When I first started attending Longwood, I remember often looking forward to going home on the weekend. To be honest, my first few weeks of college were pretty hectic and a bit of a blur. However, I do remember wanting to go home most weekends.

Some parents tell their freshmen to try not to come home often so they can better become acquainted to college life. My parents were not those parents.

I remember my mom telling me (and she still tells me) I could come home whenever I wanted to, even every weekend if I felt like I needed it. At first, I took her up on this offer. I would come home either every weekend or every other weekend.
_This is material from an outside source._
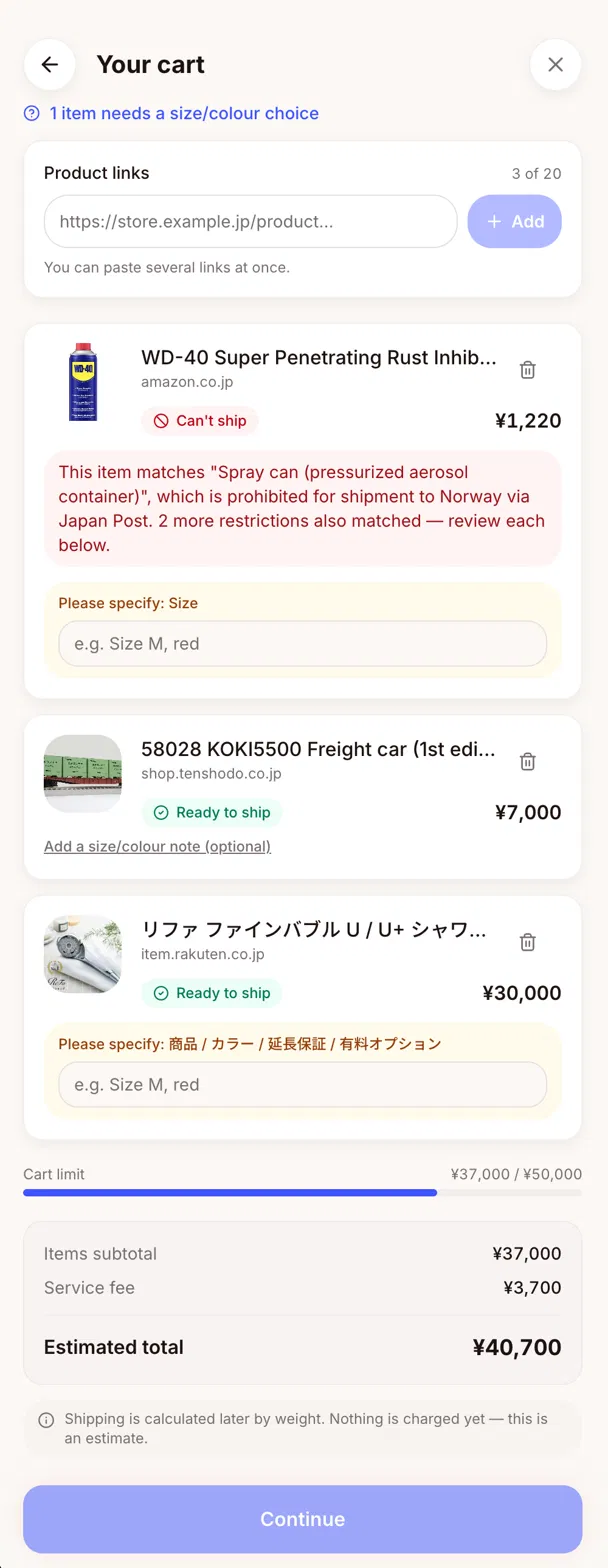 The Shop for Me cart in the ShipMate app: three product links from different Japanese stores, one flagged as unable to ship, with the running total and cart limit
As I’ve previously mentioned, I am an only child and I never really was away from home that often without my family. So the transition into college life was a little challenging for me. At first, I felt I needed to escape a little on the weekends. Escape all the new things constantly happening around me, to unwind, and to also have my own space again and be around my family.

I remember my grandmother telling me that once I moved away and started going to college, coming home would mean so much more than before—and she was right. Because I spend most of my time at Longwood now, going home is like getting a treat. It has become something special.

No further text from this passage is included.